Supporting modules for configuration, logging, vector search, PDF generation, and so on.
Agents
Devika's cognitive abilities are powered by a collection of specialized sub-agents. Each agent is implemented as a separate Python class and communicates with the underlying LLM through a prompt template defined in Jinja2* format.
*Jinja2: a templating engine for Python. It has full Unicode support, an integrated optional sandboxed execution environment, and a BSD license that allows the software to be freely used, modified, and distributed.
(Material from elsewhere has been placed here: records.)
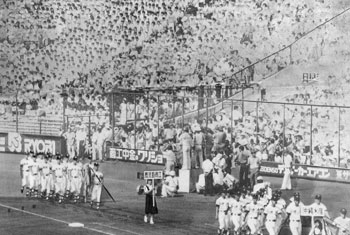昭和５９年８月８日、第６６回夏の全国高校野球選手権大会が甲子園球場で開幕。１４日間にわたる熱戦の火ぶたを切った。写真は沖縄水産に続いて行進する鹿児島商工（現樟南）チーム。紙面は「突き抜ける青空、雲一つない。夏の燃える太陽が祝福する。日ごろ鍛えた技と力をぶつける球児の“熱いドラマ”が始まった」と報じている。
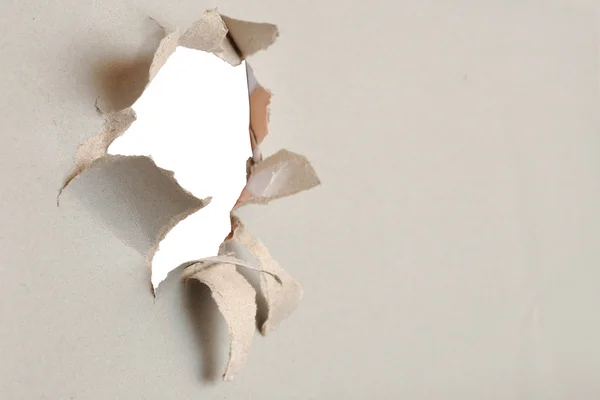 Torn Paper Gray Cardboard Ripped Apart Showing Underlying Layer — Stock Photo, Image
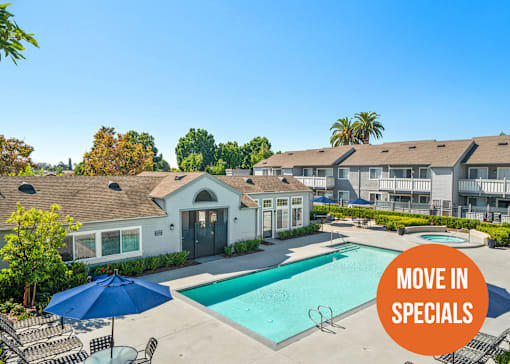A pool surrounded by chairs and umbrellas with a sign that says "Move in Specials".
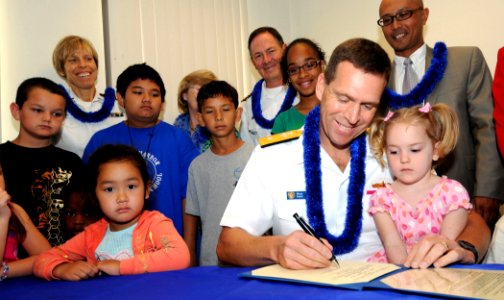 US Navy 090330-N-9758L-044 Rear Adm. Dixon Smith, commander, Navy Region Hawaii and Commander, Naval Surface Group Middle Pacific, signs the Month of the Military Child and Child Abuse Prevention Proclamation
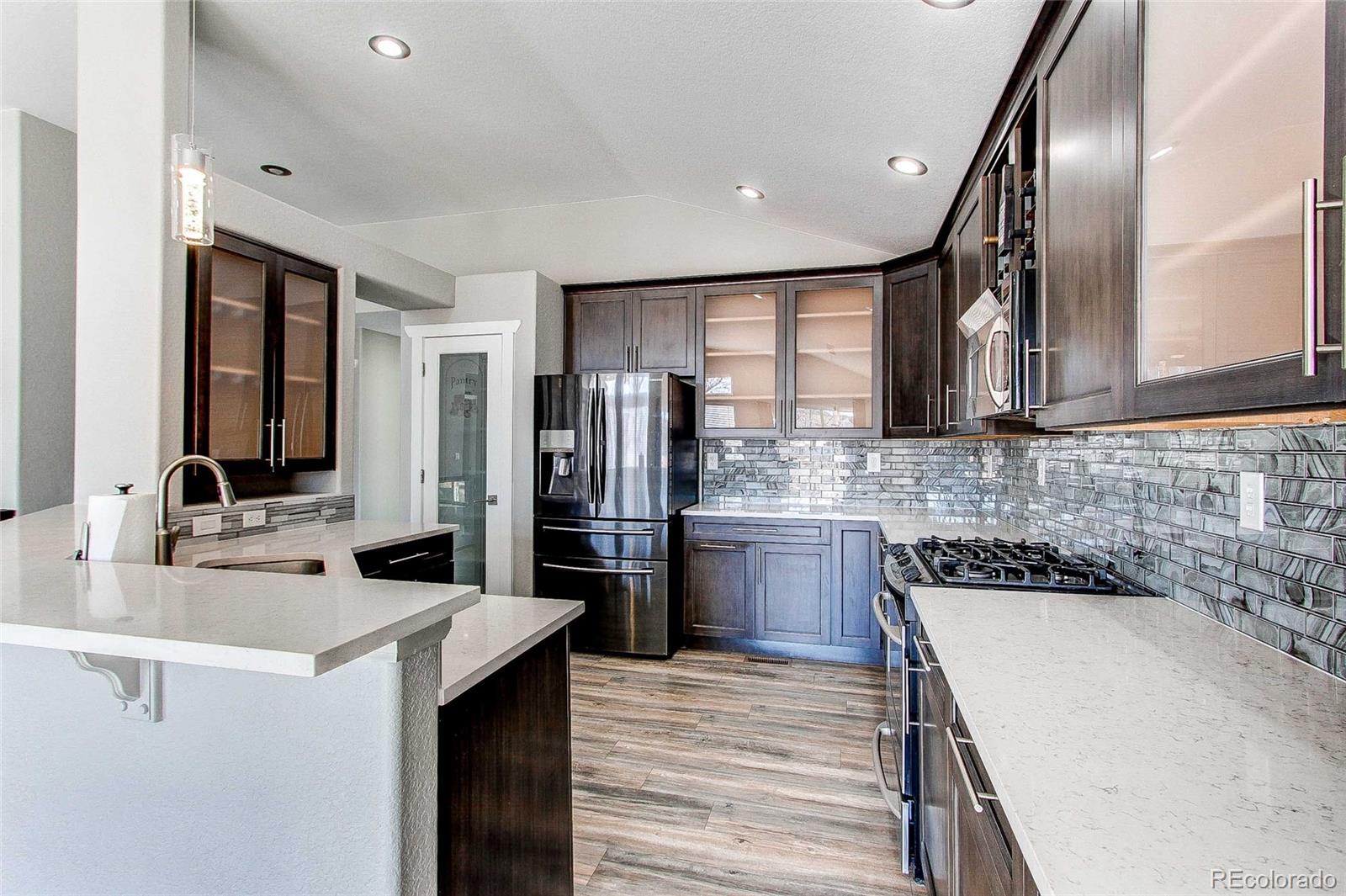 16082 Butterwort Circle Parker, CO 80134 - Photo 13 of 39 a kitchen with a sink stove and refrigerator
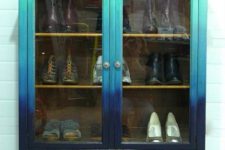 19 a vintage shoe cabinet with a gradient effect from turquoise to navy is a bold and beautiful option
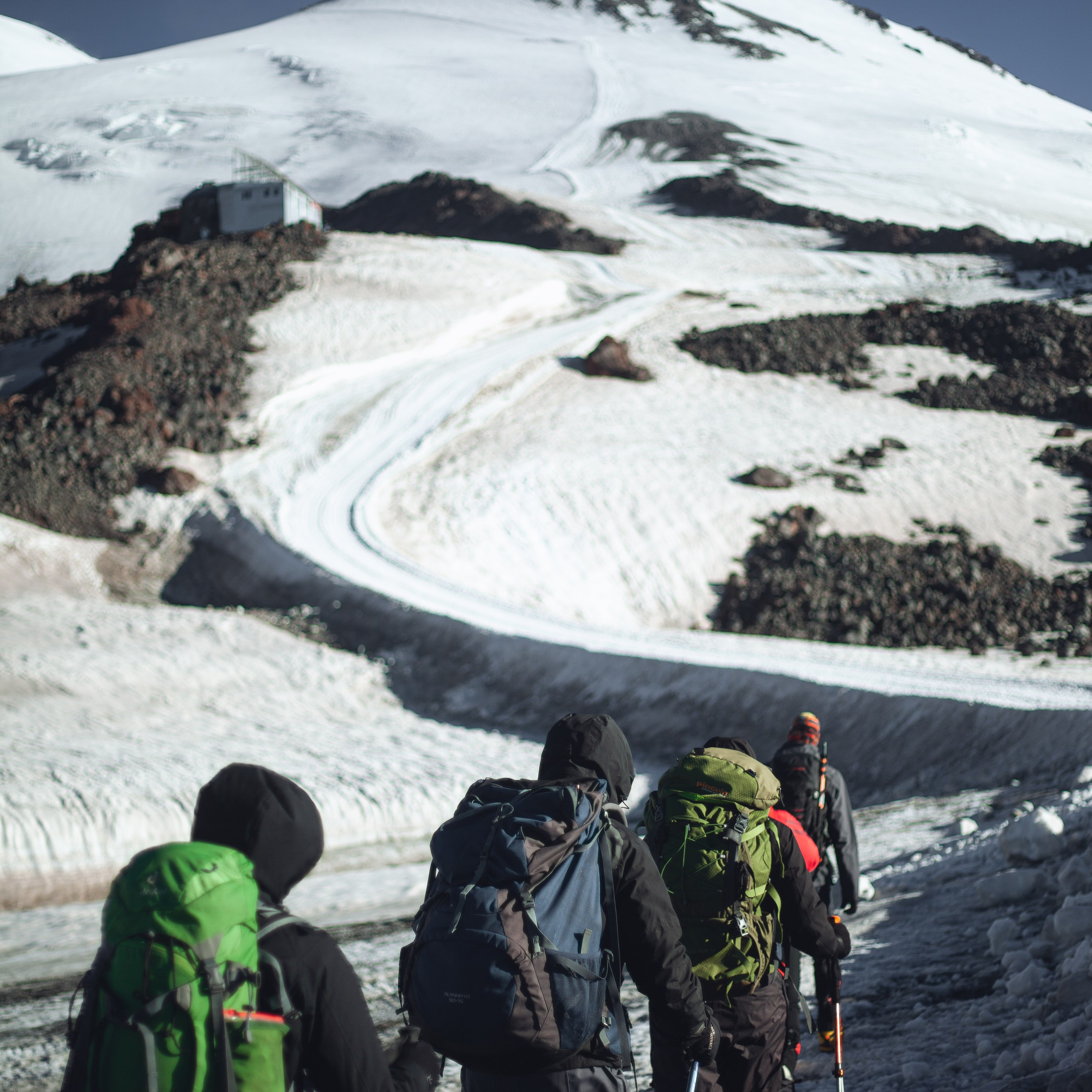 * Альпинисты в ярких куртках и касках.* Восхождение по южному склону Эльбруса.* Заснеженные горные вершины на фоне.* Закрепление страховочной верёвки.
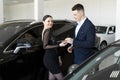 Seller gives the buyer the keys to a new car in the showroom. Royalty Free Stock Photo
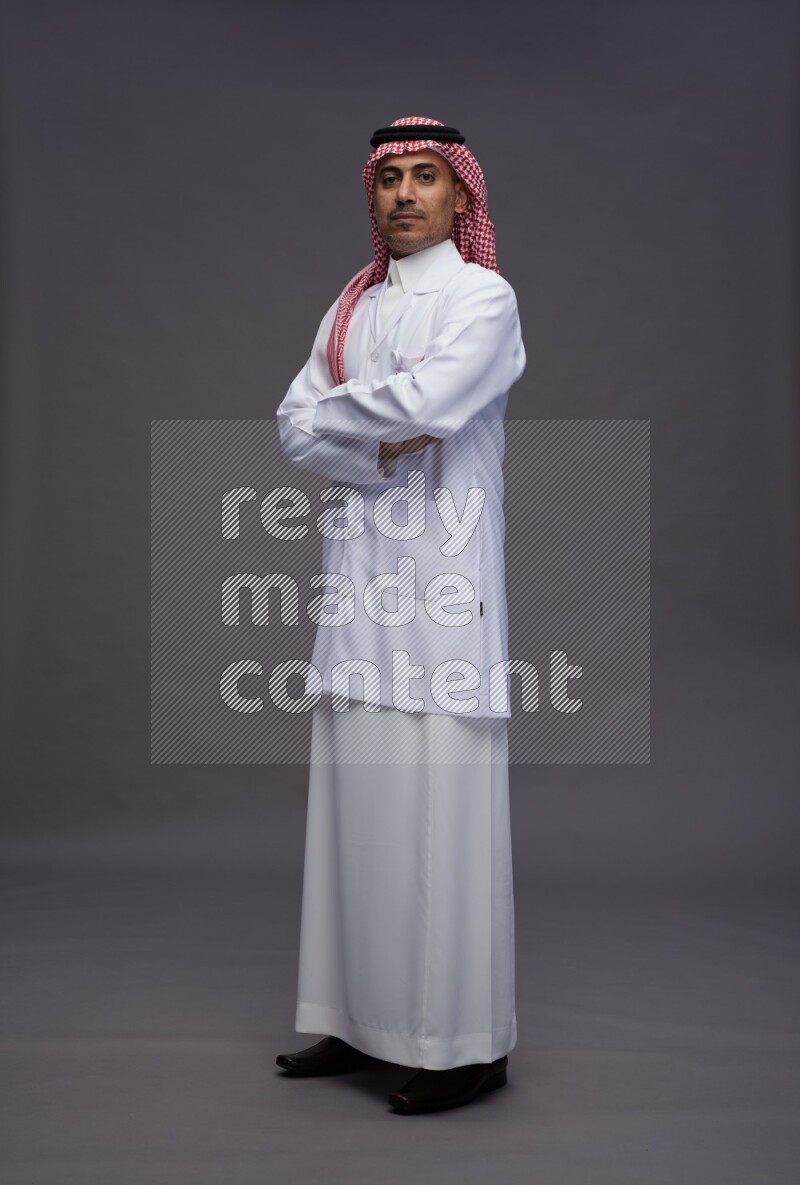 Saudi man wearing thob with lab coat and shomag with pocket employee badge standing with crossed arms on gray background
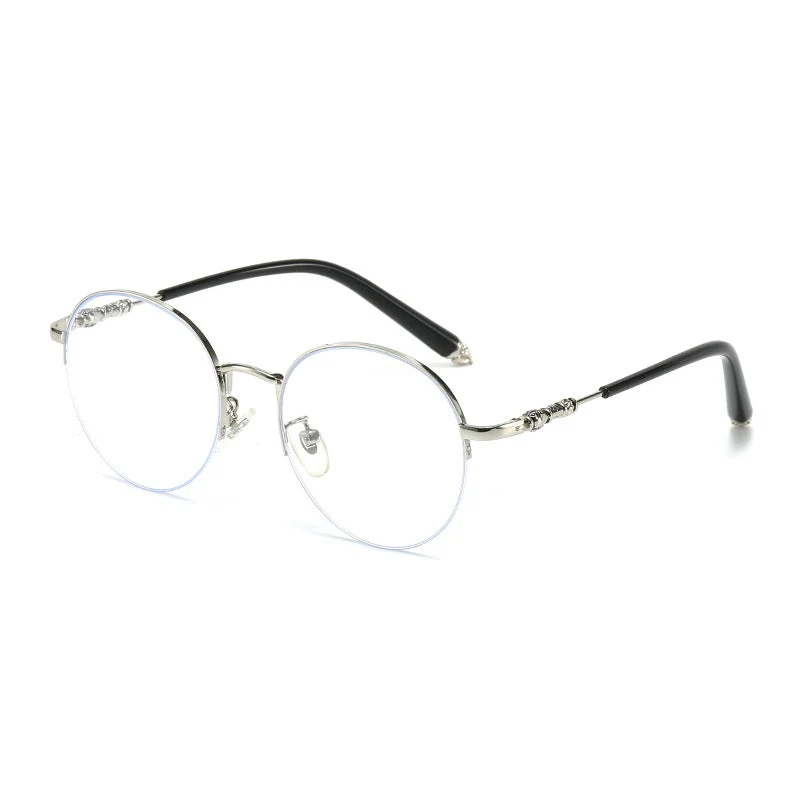 Dame rund solbrille med elegant metallramme og komfortable nesepads Luvikno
- Planner : generates a step-by-step plan
- Researcher : extracts search keywords — gathers additional context from the user
- Coder : generates code — runs validation
- Action : maps the prompt to a matching action keyword
- Runner : executes code in a sandboxed environment — streams output in real time
- Feature : implements features — performs incremental testing
- Patcher : debugs based on error messages — identifies the cause — proposes fixes
- Reporter : generates a report including design — instructions — APIs
- Decision : maps to a specific feature such as browser interaction or git clone — runs the function with the provided arguments
Hands-on
1. Setting up the development environment
- Open LLM: install and run Ollama
- Install uv -> download. installs the Python package manager; replaces the pip, pip-tools, and virtualenv commands
- Install bun -> download for the JavaScript runtime
# On macOS and Linux.
curl -LsSf <https://astral.sh/uv/install.sh> | sh
# On Windows.
powershell -c "irm <https://astral.sh/uv/install.ps1> | iex"
# With pip.
pip install uv
2. Pull the DEVIKA code from GitHub
1. git clone <https://github.com/stitionai/devika.git>
2. cd devika #해당 폴더로 이동
3. Set up the virtual environment: uv venv, pip
1) Create
# Create a virtual environment at .venv.
uv venv
2) Activate
# On macOS and Linux.
source .venv/bin/activate
# On Windows.
.venv\\Scripts\\activate
3) Install packages
# On macOS and Linux.
uv pip install -r requirements.txt
playwright install --with-deps # installs browsers in playwright (and their deps) if required
4. Prepare the necessary API keys
1) Search
- Bing: https://www.microsoft.com/en-us/bing/
2) LLM
- Claude: https://console.anthropic.com/setting
3) Filling in the API keys
- Devika/config.toml
5. Turn ON
1) Run the server
python3 devika.py
2) Run the client
cd ui/
bun install
bun run dev
6. Run
1) Go to http://127.0.0.1:3000
2) Pick the model
3) Configure the search engine
- This is one of the main tools the AI engineer uses to research and share related information with the user.
- For reference, DuckDuckGo doesn't require a separate API key.
4) Specify a new project
- The code written by the AI engineer is saved in a folder named after that project.
4) Write the prompt
5) Process and result
1) Real-time review
- Inside the 'inner browser area', the AI engineer shares web search results in between research steps and reviews its (the AI's) own research findings and plans
2) Code generation result
- /[project name]/data/projects : under this folder, in step 3 a new folder is created using the new project name and the corresponding code is generated inside it
3) Real-time code review
- You can also write messages right inside the code the AI engineer wrote and communicate with it directly in real time!
- A file generated when I asked it to write up how to use the code
Review
I really like the interface. What I find personally striking is the inter-agent workflow that lets a person review and give feedback in between steps, not just on the final result.
It's still a bit early to post the actual outputs. Like with human work, the code-generation result is not the AI engineer's issue per se. It's a coordination problem between the two parties communicating. It's already shaping up into a useful tool. A lot of the examples around tackle Steam games... but personally, since that's not really my use case, I have been testing things that might apply to daily life, planning work, or studying coding. If something good comes out of it I'll post an update.